* **Exercise directions**: Print, in exact form, the lines below from the one containing "Maxis Match Toddler" through the one containing "Polo Ralph Lauren", and omit all others.

* **Available data**:
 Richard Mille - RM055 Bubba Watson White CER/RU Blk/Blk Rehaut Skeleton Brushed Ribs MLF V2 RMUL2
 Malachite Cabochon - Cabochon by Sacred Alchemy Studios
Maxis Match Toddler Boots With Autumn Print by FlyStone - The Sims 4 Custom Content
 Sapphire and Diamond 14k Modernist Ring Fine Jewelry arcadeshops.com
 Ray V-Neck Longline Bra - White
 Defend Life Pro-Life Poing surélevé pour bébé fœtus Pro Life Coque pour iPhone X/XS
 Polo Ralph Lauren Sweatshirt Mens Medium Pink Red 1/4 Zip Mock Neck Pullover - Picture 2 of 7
--
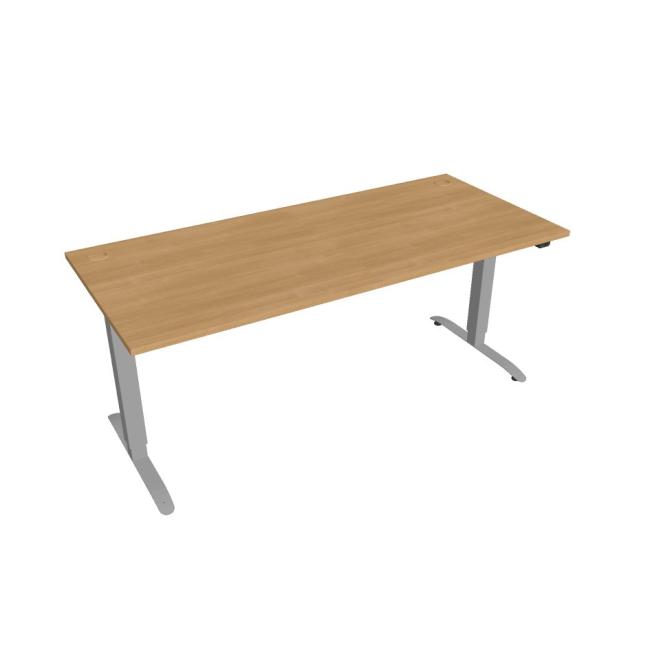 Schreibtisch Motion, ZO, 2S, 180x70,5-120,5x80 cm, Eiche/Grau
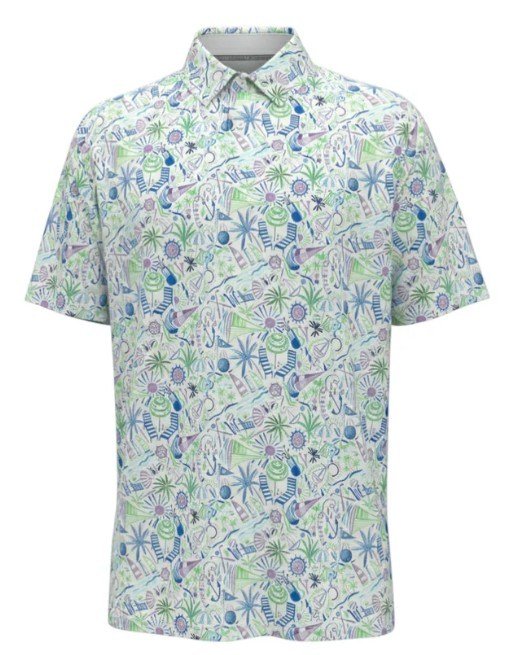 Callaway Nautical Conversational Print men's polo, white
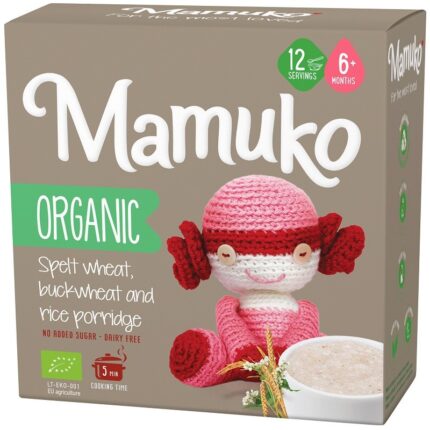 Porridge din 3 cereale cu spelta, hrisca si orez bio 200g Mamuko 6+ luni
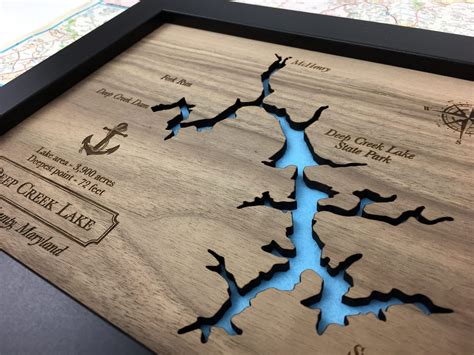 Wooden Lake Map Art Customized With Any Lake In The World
--
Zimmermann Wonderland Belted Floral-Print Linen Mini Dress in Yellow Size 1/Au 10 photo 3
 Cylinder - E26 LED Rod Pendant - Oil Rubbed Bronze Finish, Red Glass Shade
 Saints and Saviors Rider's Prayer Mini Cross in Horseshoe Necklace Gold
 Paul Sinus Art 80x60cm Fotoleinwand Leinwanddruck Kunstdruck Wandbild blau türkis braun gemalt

* **Answer box**:
Maxis Match Toddler Boots With Autumn Print by FlyStone - The Sims 4 Custom Content
 Sapphire and Diamond 14k Modernist Ring Fine Jewelry arcadeshops.com
 Ray V-Neck Longline Bra - White
 Defend Life Pro-Life Poing surélevé pour bébé fœtus Pro Life Coque pour iPhone X/XS
 Polo Ralph Lauren Sweatshirt Mens Medium Pink Red 1/4 Zip Mock Neck Pullover - Picture 2 of 7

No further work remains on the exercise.